I quickly recognized most of the mental principles that Sean shared. However, when I read the title of this one, I had no idea what he was talking about.

The idea here is that sometimes, the best way to figure something out is to think about it backward. Don't think about what you are trying to do but what you are trying to avoid.

When it comes to investing, instead of thinking about what makes a “good” investor – focus on what makes a “bad investor.” Then work to eliminate those characteristics from your process.

In our three decades as professional investors, we have almost never seen someone run a big fund without a good process for making money. Most of them, however, did NOT outperform the markets.

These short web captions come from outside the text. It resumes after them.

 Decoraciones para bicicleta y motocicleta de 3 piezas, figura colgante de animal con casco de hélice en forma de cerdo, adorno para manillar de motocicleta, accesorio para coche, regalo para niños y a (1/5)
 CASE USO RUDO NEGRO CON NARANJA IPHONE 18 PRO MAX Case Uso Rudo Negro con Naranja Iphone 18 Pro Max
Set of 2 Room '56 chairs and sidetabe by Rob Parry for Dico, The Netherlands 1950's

The reason was because they didn't eliminate their bad habits. Their ideas were good, but their processes around them were poor.

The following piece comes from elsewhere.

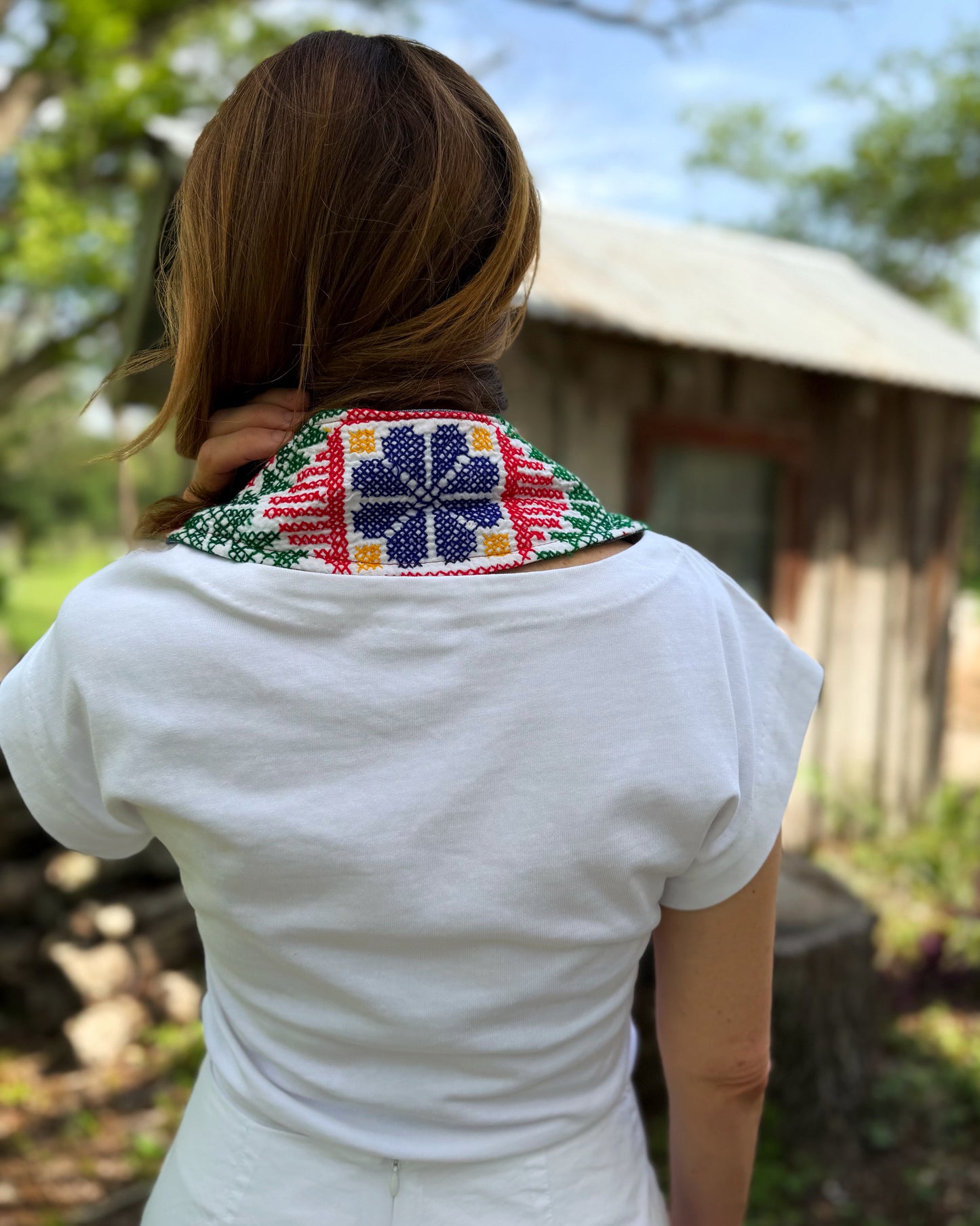 THE MAGGIE | Reversible Antique Quilt Collar - Cross Stitch & Denim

Start by identifying potential failures and working to remove those elements from your strategy. This is probably Munger's most powerful insight.

2. Opportunity Cost

Most investors are familiar with this concept.

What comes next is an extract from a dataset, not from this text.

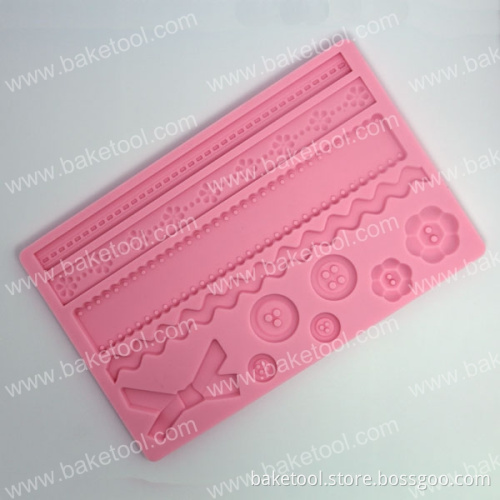 High Quality Button&Rope Silicone Mold Cake Fondant Decoration Mold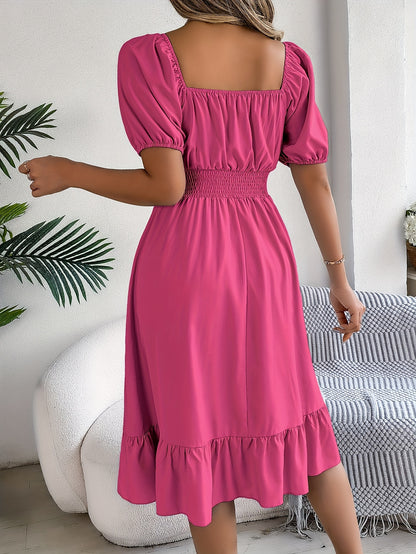 Lovilia - Puff Sleeve Dress with Ruched Bust and Ruffle Hem for Women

The idea is that in addition to the straightforward cost of doing something, there is another cost—the "opportunity cost"—incurred by NOT doing something else.

It is a very well-known concept in economics.

What we think is hugely underappreciated is HOW important this is for your process.

Investors understand it is important but don't make it a priority. We constantly push SELECTIVITY.

Too often, investors focus on making a good return when they could be focused on making a great one. There is only so much time and capital; you should be ruthless in deciding where to allocate them.

3. Circle of Competence

This is a favorite of Munger's and was a big part of his life. The key is knowing both what you DO know and what you DO NOT know.

Figuring out where you don't have the expertise or the ability to have insight is essential to avoid mistakes.

Also, it is crucial to have the humility to go to others with that competence when you need it.

4. Confirmation Bias

In the past, we have often written about different psychological biases that influence (negatively) our TRADING and INVESTING. This is the most powerful one.

We are mentally programmed to seek information that supports what we believe or want to believe. We don't like hearing contradictory information.

This bias is not just in finance but in all areas of life.

One of the keys to success is becoming comfortable with being UNCOMFORTABLE.

Seek out the arguments for why you are wrong. Like the idea of "inversion,” embracing critical and negative feedback is a key to growth.

5. The Lollapalooza Effect

Munger coined this term. It describes a situation in which multiple mental models, tendencies, or biases work together to create extreme outcomes.

These outcomes could be good or bad. These are feedback circles that are built into human psychology.

This concept is also related to George Soros' "reflexivity" concept, which we have written about in the past. You can read that note here.

These human feedback loops are some of the most powerful forces in all of finance and human activity.

In case you are wondering, the word “Lollapalooza” is a 19th -century American slang word that refers to something unusual, extraordinary, or exceptional.